The practical next steps are straightforward:
- Audit your coverage gap. List every SaaS app your customers need user data from. Check which ones support SCIM, which offer a REST API, and which have no programmatic access at all.
- Evaluate whether a unified API covers your providers. No abstraction layer covers everything. Identify the gap between what is available out of the box and what you would need to build yourself.
- Prototype the extraction pipeline. Start with 3-5 high-priority providers, validate the schema mapping meets your needs, and test rate limit handling under realistic load.
- Design for incremental sync from day one. Full user list pulls are fine for initial loads. Ongoing syncs need to be incremental or you will burn through API rate limits and waste compute.
The identity sprawl problem is getting worse, not better. 46% of organizations struggle to monitor non-human identities, and 56% are concerned with over-privileged API access. The companies that solve user visibility at scale will have a genuine competitive advantage - both as a product feature and as a security posture.
Stop writing bespoke API connectors. Standardize your data models, respect upstream rate limits, and focus your engineering cycles on the core value of your product.
FAQ
- Why is SCIM not enough for pulling user lists from SaaS apps?
- SCIM is a push-based provisioning protocol, not a pull-based audit protocol. It was designed to push user creates and updates from an IdP to a service provider, not to query existing access.

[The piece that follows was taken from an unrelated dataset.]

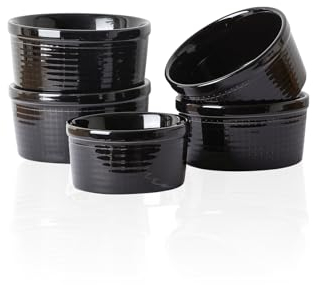Yachi black Ramekins 6 oz, Dishwasher, Oven Safe Soufflé Dishes for Creme Brulee, Souffle, Pudding, Lava Cake, Stoneware Custard Ramikens for Baking, Ceramic Sauce Bowls Set of 6, Kitchen Decor Gift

It fails to capture shadow IT and manually created accounts, and is often gated behind expensive enterprise tiers.
- How do unified APIs handle different rate limits across SaaS platforms?
- A unified API normalizes upstream rate limit data into standardized IETF headers (ratelimit-limit, ratelimit-remaining, ratelimit-reset). The caller is responsible for reading these headers and implementing exponential backoff logic when receiving an HTTP 429 error.
- Do I need to write custom code to map disparate user endpoints?
- No. Modern unified APIs use declarative mapping (like JSONata) to transform diverse API responses into a single, predictable JSON object without requiring integration-specific code, while still preserving the raw provider payload.
- How do I handle different pagination types across multiple SaaS APIs?
- SaaS APIs use cursor-based, offset-based, link header, or page number pagination. A unified API normalizes these into a single cursor-based interface so your code uses one pagination pattern regardless of the upstream provider.
- How should I handle OAuth token expiration when extracting data?
- You should offload token management to a platform that autonomously handles the lifecycle. The platform schedules work ahead of token expiry to refresh tokens, allowing you to pass a static tenant ID instead of managing raw tokens and refresh logic in your database.